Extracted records
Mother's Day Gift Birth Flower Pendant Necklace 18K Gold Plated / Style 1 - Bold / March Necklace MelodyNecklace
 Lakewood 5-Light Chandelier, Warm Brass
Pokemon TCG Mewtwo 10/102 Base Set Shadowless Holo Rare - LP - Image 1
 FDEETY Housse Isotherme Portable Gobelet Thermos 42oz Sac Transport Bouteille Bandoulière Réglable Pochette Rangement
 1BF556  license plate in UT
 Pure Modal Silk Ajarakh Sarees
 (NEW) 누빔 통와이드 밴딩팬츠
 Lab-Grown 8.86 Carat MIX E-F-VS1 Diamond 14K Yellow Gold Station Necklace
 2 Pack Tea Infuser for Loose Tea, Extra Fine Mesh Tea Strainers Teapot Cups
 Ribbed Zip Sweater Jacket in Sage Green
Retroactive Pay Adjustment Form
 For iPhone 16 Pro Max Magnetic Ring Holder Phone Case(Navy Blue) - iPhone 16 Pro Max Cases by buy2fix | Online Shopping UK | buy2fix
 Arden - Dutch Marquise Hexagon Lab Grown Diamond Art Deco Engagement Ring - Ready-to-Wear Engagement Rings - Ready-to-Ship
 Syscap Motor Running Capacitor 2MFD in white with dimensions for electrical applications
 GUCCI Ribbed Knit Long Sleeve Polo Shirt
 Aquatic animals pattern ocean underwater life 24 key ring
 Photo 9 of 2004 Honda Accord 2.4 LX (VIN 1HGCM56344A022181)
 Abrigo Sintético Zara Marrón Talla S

### THE TASK
Identify each line in the entries with the word "Grown" and copy it.

### OUTPUT OF THE EXERCISE
 Lab-Grown 8.86 Carat MIX E-F-VS1 Diamond 14K Yellow Gold Station Necklace
 Arden - Dutch Marquise Hexagon Lab Grown Diamond Art Deco Engagement Ring - Ready-to-Wear Engagement Rings - Ready-to-Ship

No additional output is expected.